- TASK GOAL: Lines to restate from the data below: from the one containing "House for sale in Connaught Park, Bushey" to the one containing "With Antique Floor", both included. Give them again exactly, and only them.

- AVAILABLE RECORDS:
::::::::
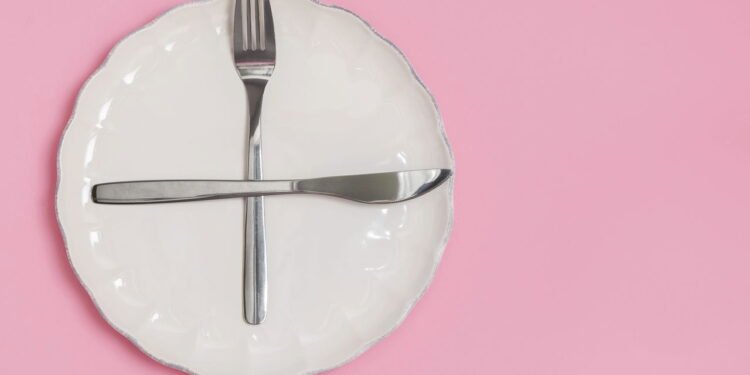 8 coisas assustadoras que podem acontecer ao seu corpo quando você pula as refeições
::::::::
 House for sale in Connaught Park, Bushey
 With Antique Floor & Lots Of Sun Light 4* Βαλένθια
::::::::
- COMPLETED EXERCISE:
 House for sale in Connaught Park, Bushey
 With Antique Floor & Lots Of Sun Light 4* Βαλένθια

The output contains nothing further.